◆ **Task brief**
When you reach the line holding "6 pear benefits", please begin to restate the lines word for word and continue through the last one in the material, excluding pictures.

◆ **Data for this task**
- - -

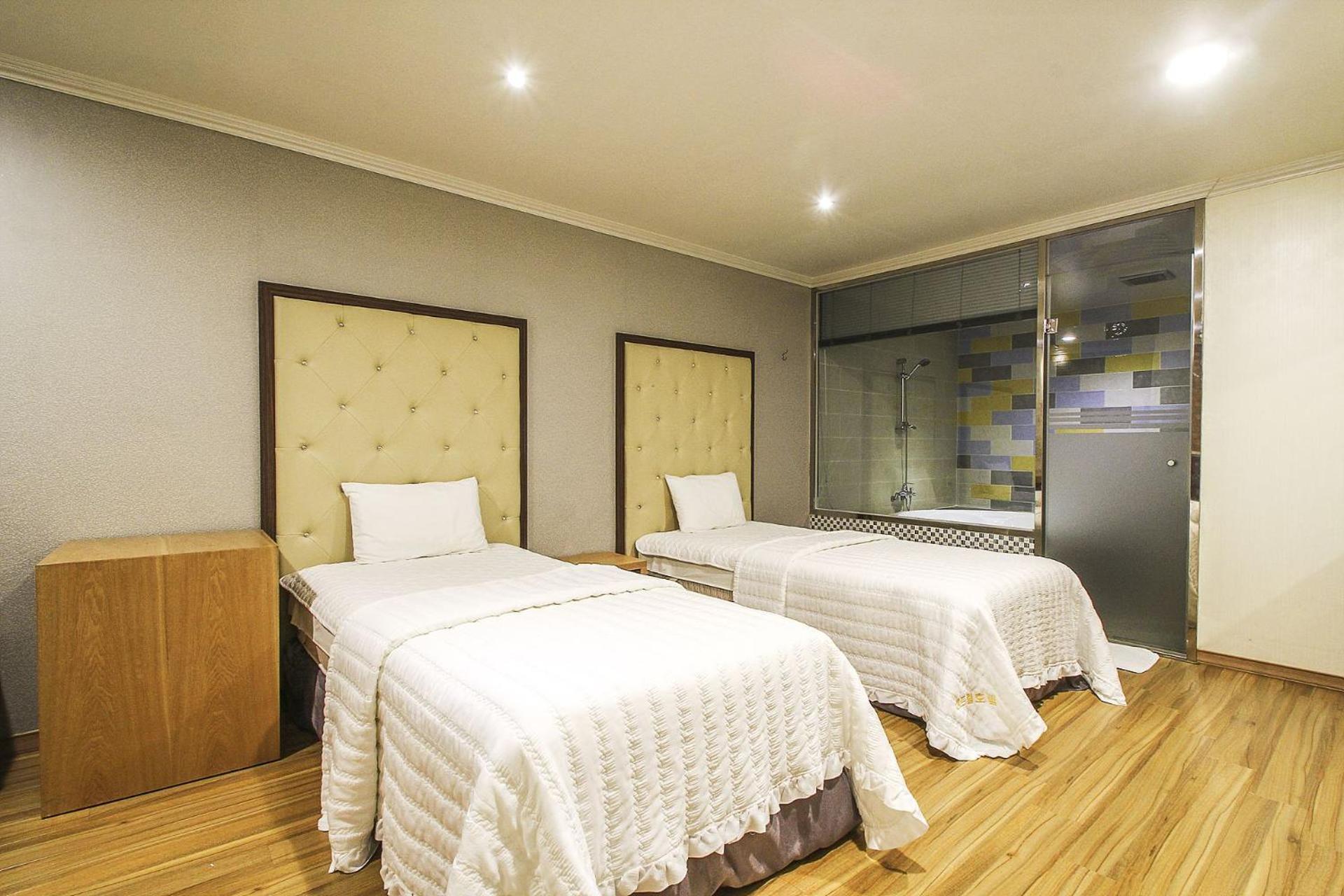 Standard Twin Room photo 2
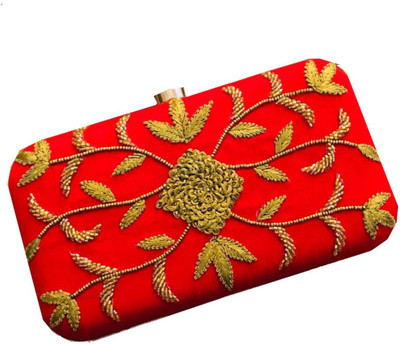 

Craftbazaar Party Red Clutch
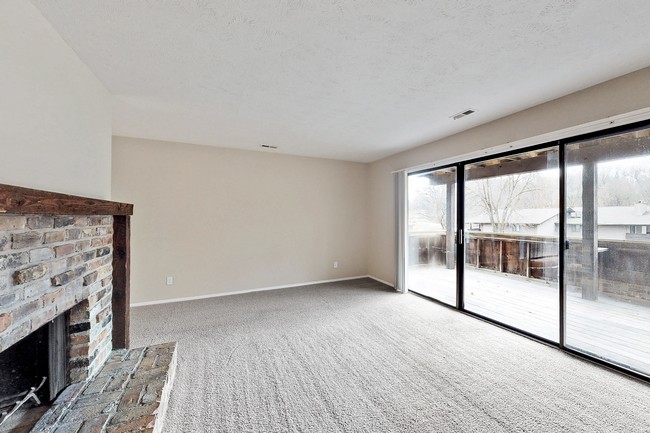 Building Photo - Fontenelle Hills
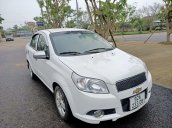 Cần bán Chevrolet Aveo sản xuất 2015, giá cực ưu đãi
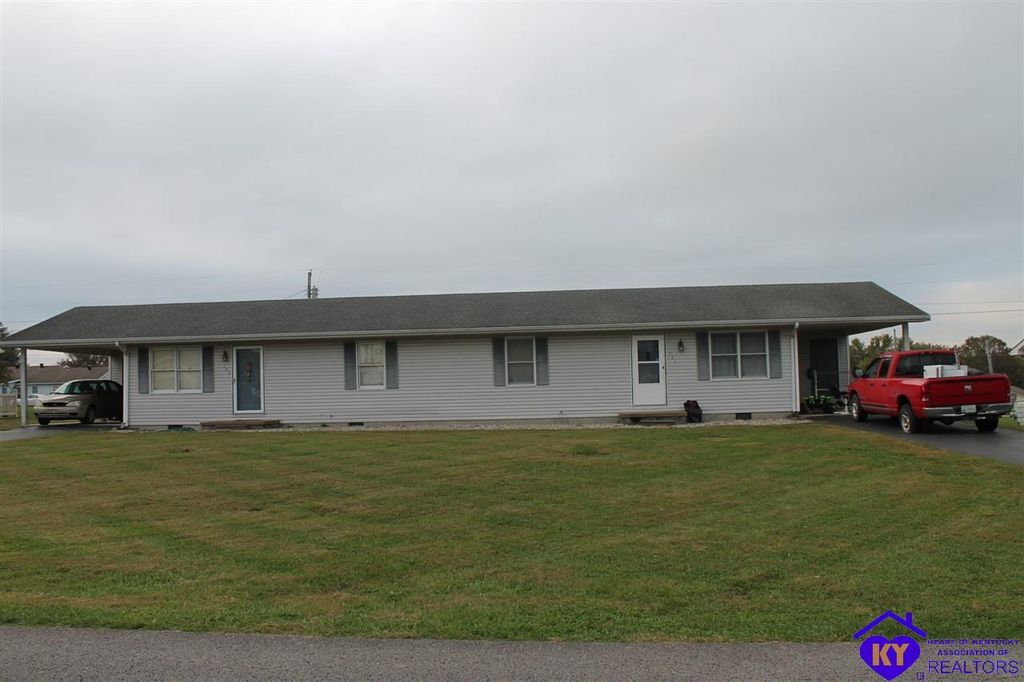121 & 123 Vintage Ln, Campbellsville, KY 42718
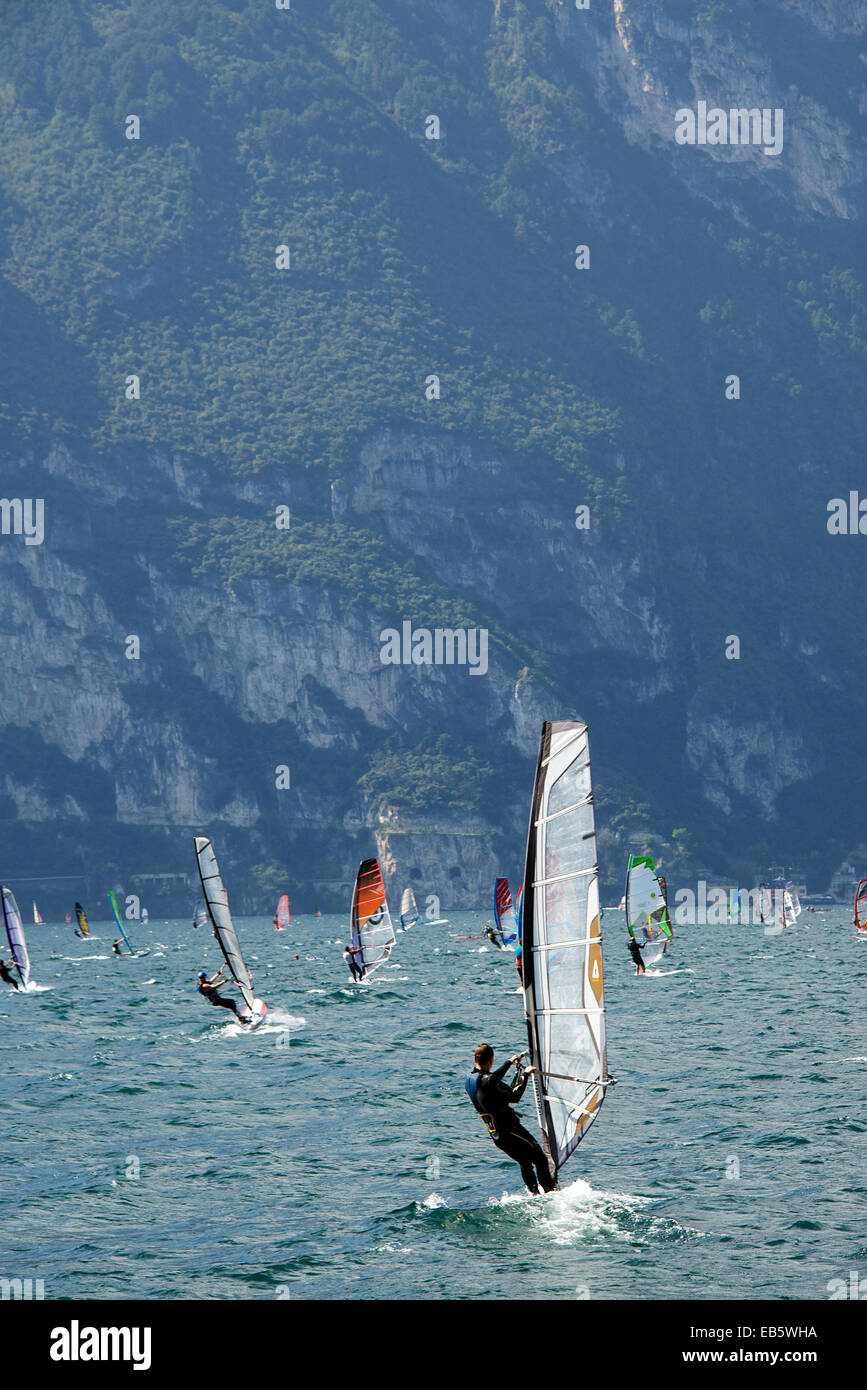 Windsurfen Torbole am Gardasee Italien Stockfoto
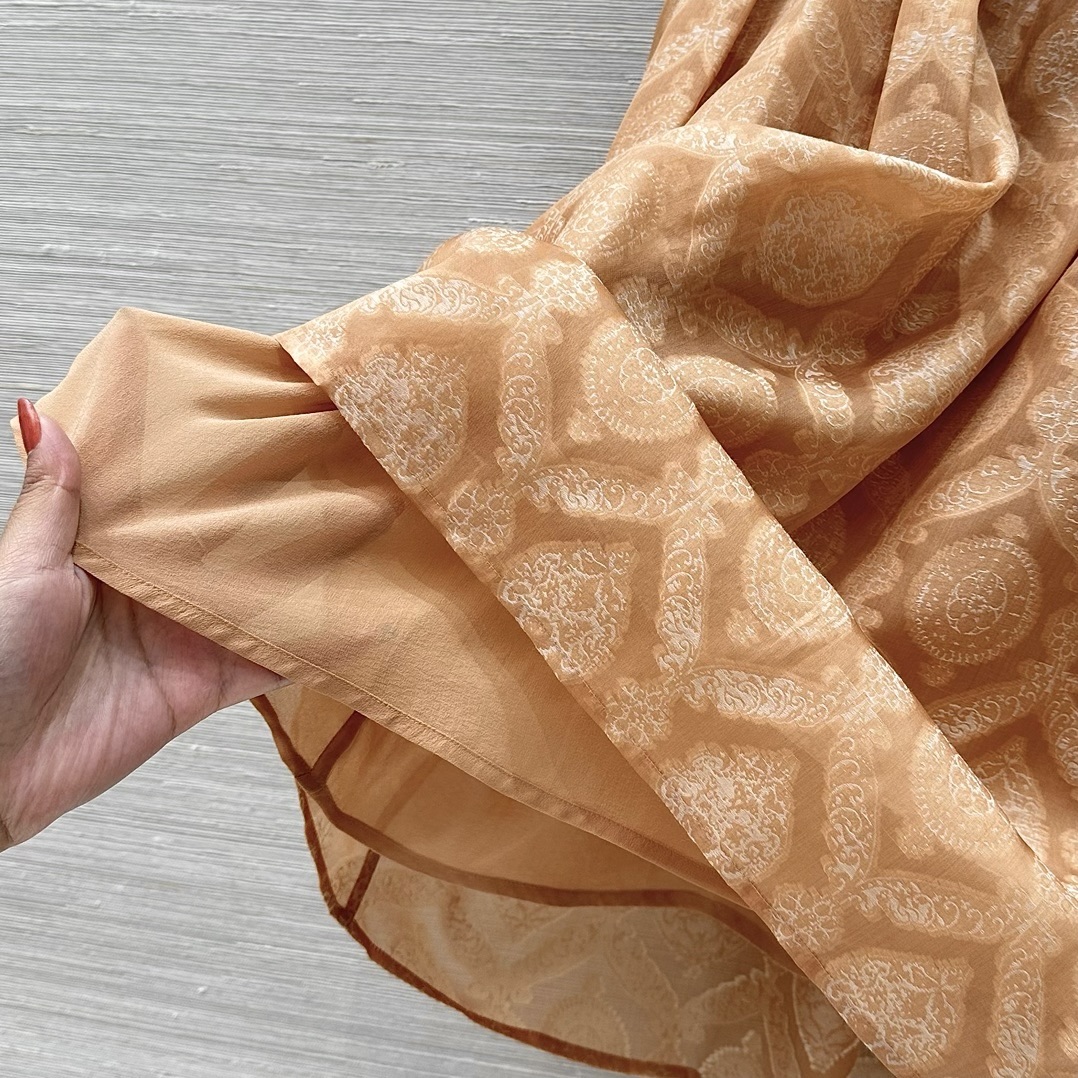 High-End Female Suit with Silk Shirt and Skirt: Elegant Design and Custom-Made Details - 图片 7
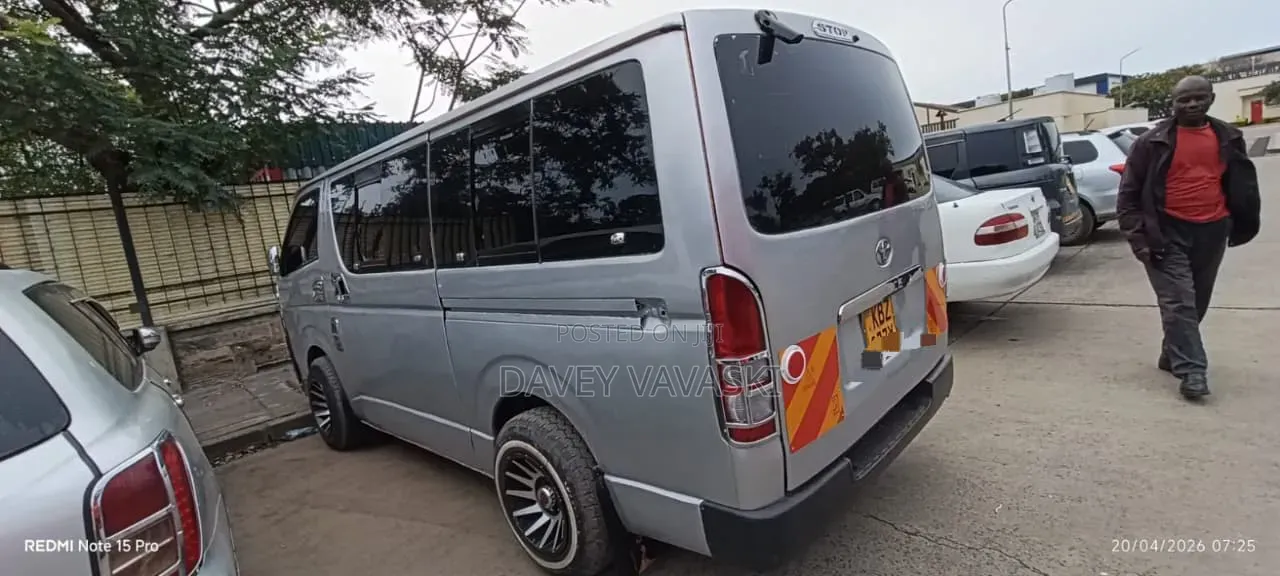 New Toyota HiAce 2006 Silver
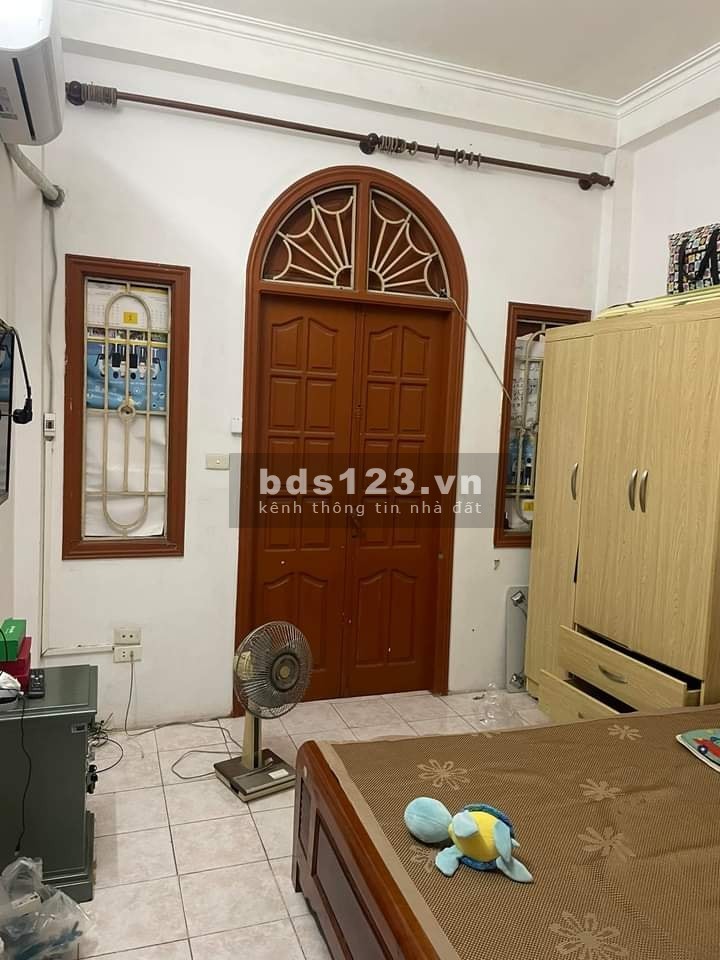 Bán nhà Xã Đàn, Đống Đa, diện tích 42m2, 5 tầng, nhỉnh 4 tỷ, nhà thoáng, full nội thất.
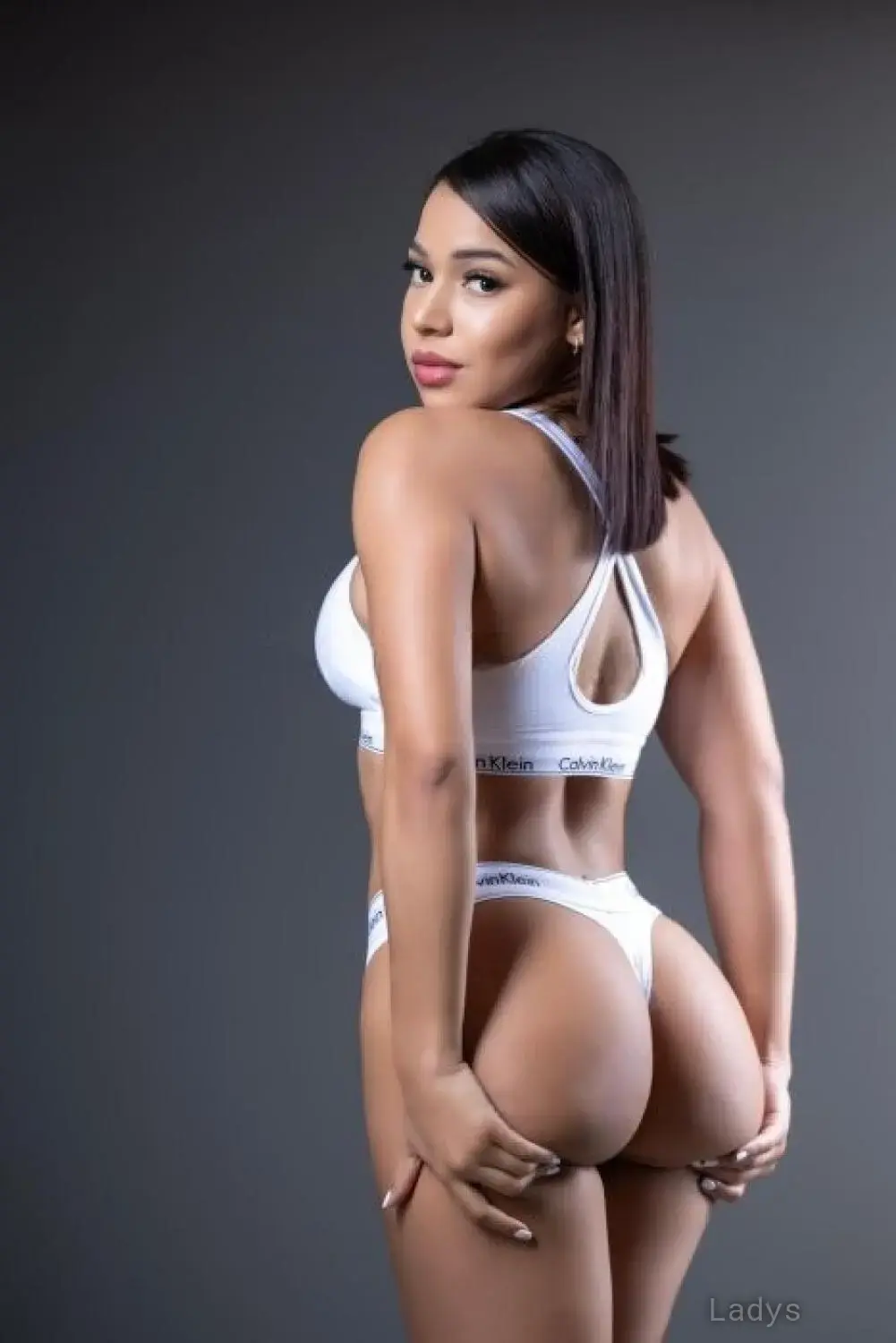 Lau (20) – Call Girl & Independent Escort Service in Moraleja - Gallery Photo 5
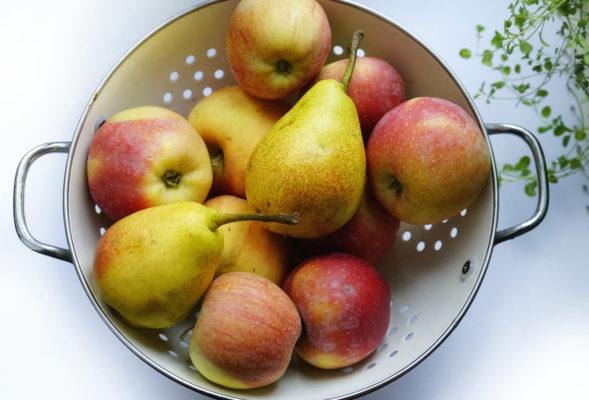 6 pear benefits for your health, from fiber to ...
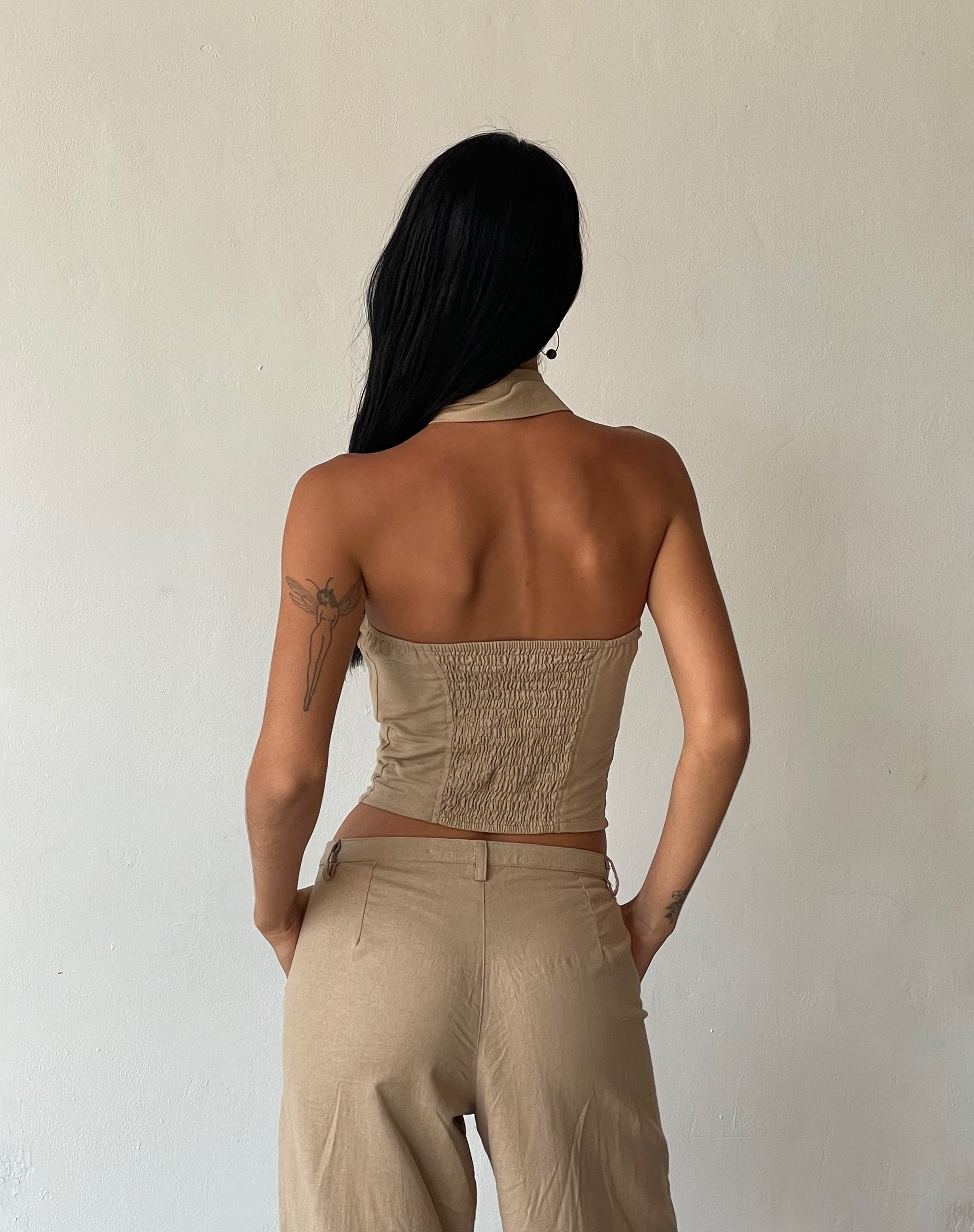 Immagine di MOTEL X JACQUIE Shaloe Top a fascia e sciarpa in grigio chiaro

- - -

◆ **Result of this exercise**
 6 pear benefits for your health, from fiber to ...
 Immagine di MOTEL X JACQUIE Shaloe Top a fascia e sciarpa in grigio chiaro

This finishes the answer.